▶ [Problem statement]
All of the listing should be output exactly, apart from the pictures.

▶ [Data shown]

::::::

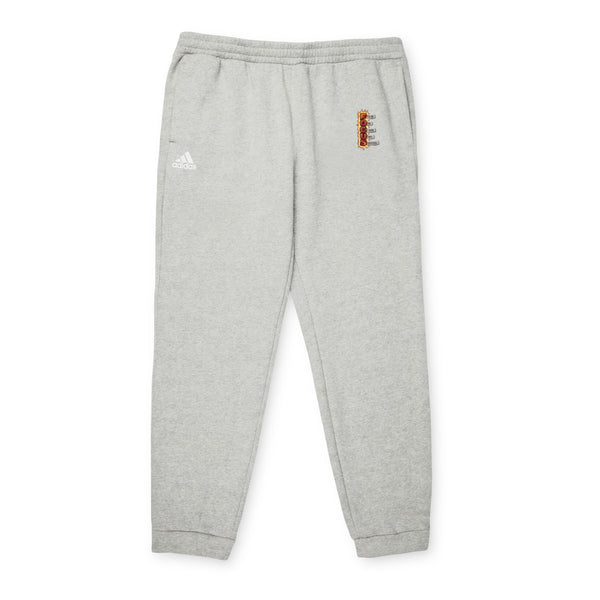 Cozy adidas Unisex Fleece Joggers for Relaxed Style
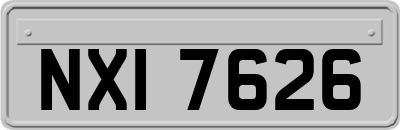 NXI7626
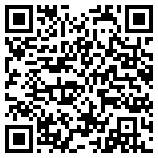 QR Code for Sonoco Products - Paper Tube Plant in City of Industry, CA 91746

::::::

▶ [Reply to the task]
 Cozy adidas Unisex Fleece Joggers for Relaxed Style
 NXI7626
 QR Code for Sonoco Products - Paper Tube Plant in City of Industry, CA 91746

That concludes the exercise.